На расписанном мелкой рябью белом песке под водой резко очерченным черным пятном отпечаталась тень «Арго». Подповерхностные волны так бережно гладили дно, что даже стебли умершей морской травы лежали совсем неподвижно сомкнутыми бурыми рядами. И вода была так чиста, что казалось — галера покоится на прозрачной пленке в метре над песчаным грунтом. Идеальное место для очистки корпуса от тонкого покрова водорослей, и я попросил членов команды вооружиться щетками и скребками и прыгать за борт. Весьма довольные таким заданием, они весело плескались в теплой воде, обрабатывая каждый свой участок обшивки.

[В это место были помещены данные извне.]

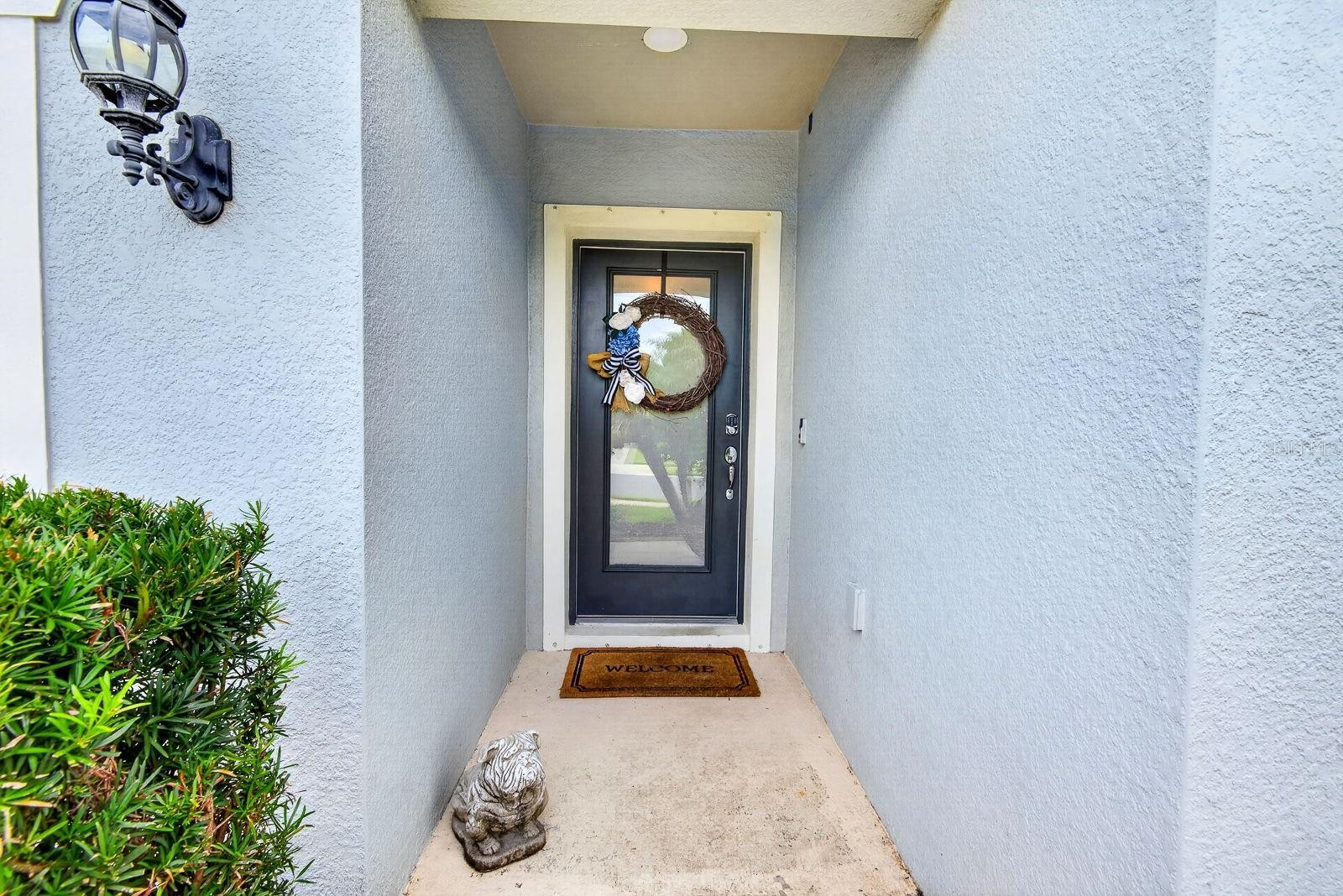 9348 ROYAL RIVER CIR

Белый песок на дне под «Арго» объясняет, почему Гомер называл эти места «Пилос песчаный», и теперь нам известно, что здесь помещался порт старого царя Нестора, третьего в ряду наиболее могущественных правителей, объединившихся для осады Трои. Сейчас мы на время расстанемся с Улиссом, возвращающимся на свой родной остров, ибо как раз ко двору царя Нестора направился сын Улисса, Телемах, за сведениями о пропавшем отце. Исследователи давно определили, что в «Одиссее» соединены по меньшей мере четыре различных, некогда самостоятельных сказа. Это сказ о поисках отца Телемахом, история посещения царем Менелаем Египта, сага о возвращении Улисса в Итаку и эпизоды морского путешествия, известного как «великое странствие» — собственно «Одиссея». Однако я постараюсь показать, что поэма содержит еще и пятый компонент, отражающий фольклор Ионических островов и особо важный для дальнейшего рассказа, поскольку тот описывает наиболее эффектные приключения Улисса.

Соединяя в одном повествовании все эти отдельные нити, Гомер не очень заботился о том, чтобы тщательно загладить стыки, и его явно не смущали противоречия в композиции. Так, посещение Пилоса Телемахом в самом начале «Одиссеи» описано отдельно от странствий Улисса. Это объясняет, почему в поэме не говорится о заходе в Пилос самого Улисса, хотя этот город находился на его пути домой после встречи с кровожадными лестригонами. Посещение Пилоса не вписывалось в сагу о «великом странствии», повествующую о приключениях у рубежей известного микенцам мира.

Нестор вышел из «Пилоса песчаного» на девяноста кораблях, чтобы присоединиться к греческому флоту для участия в войне против Трои, и в «Пилос песчаный» он возвратился, когда кончилась эта война, совершив плавание, безмятежности которого могли позавидовать остальные герои. Ибо царю Нестору очень везло с погодой, как и во всем остальном. Он был богат, почитаем и прожил долгую жизнь. Больше того: обратясь через века к наследию Нестора, археология очень милостиво обошлась с ним.